Find the line with "Longère - 125 m² - 6 pièces" and the line with "333722 (2) motorino" in the entries below; output exactly those two lines, every line between them, and no others.

**Source material:**
·····
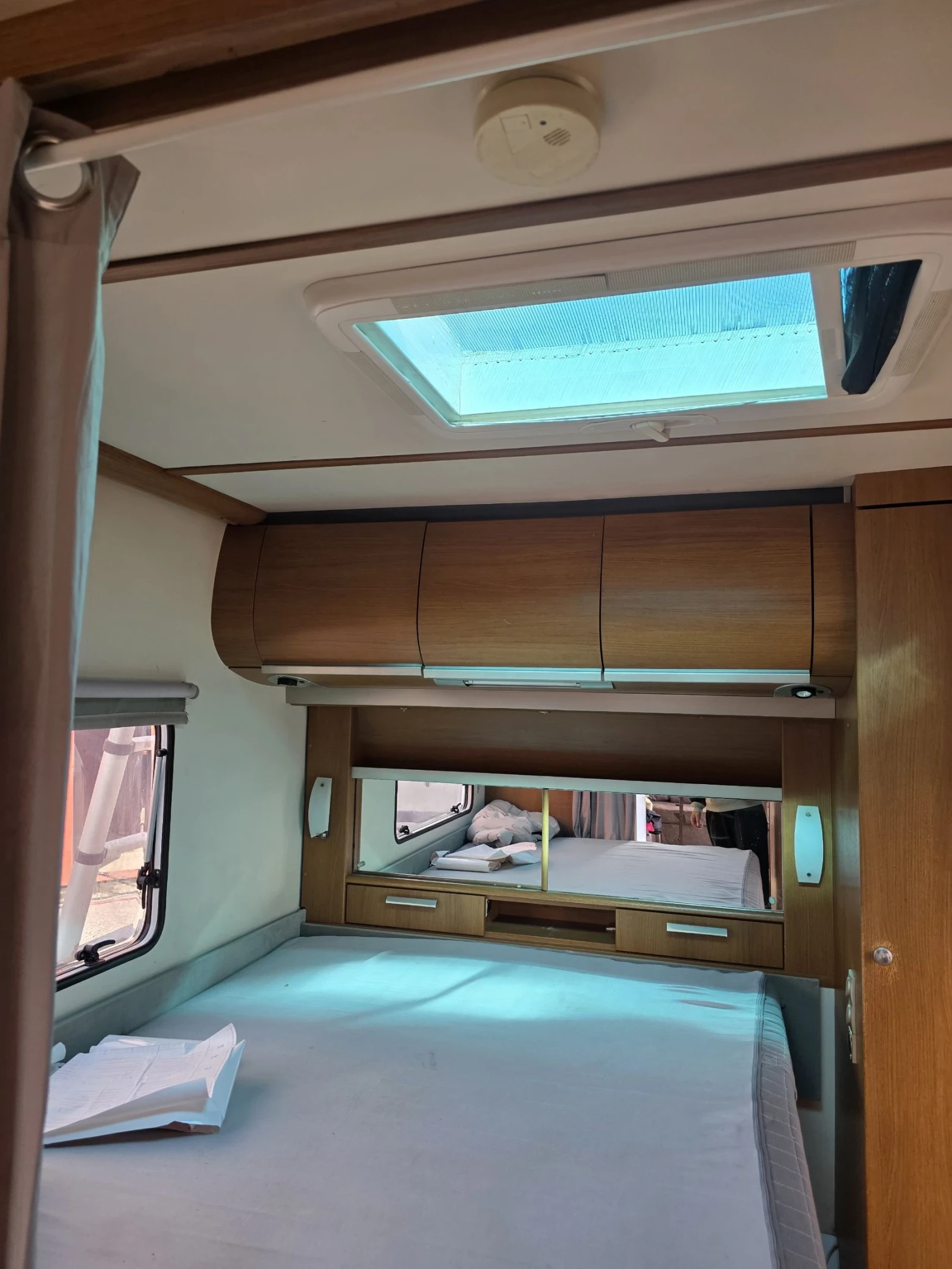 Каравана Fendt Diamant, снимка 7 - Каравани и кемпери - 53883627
·····
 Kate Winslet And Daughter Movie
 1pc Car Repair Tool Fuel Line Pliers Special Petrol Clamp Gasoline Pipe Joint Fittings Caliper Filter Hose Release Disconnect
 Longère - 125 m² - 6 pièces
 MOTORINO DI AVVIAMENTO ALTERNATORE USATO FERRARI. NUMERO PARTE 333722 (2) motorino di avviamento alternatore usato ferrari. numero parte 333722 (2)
·····
**Response box:**
 Longère - 125 m² - 6 pièces
 MOTORINO DI AVVIAMENTO ALTERNATORE USATO FERRARI. NUMERO PARTE 333722 (2) motorino di avviamento alternatore usato ferrari. numero parte 333722 (2)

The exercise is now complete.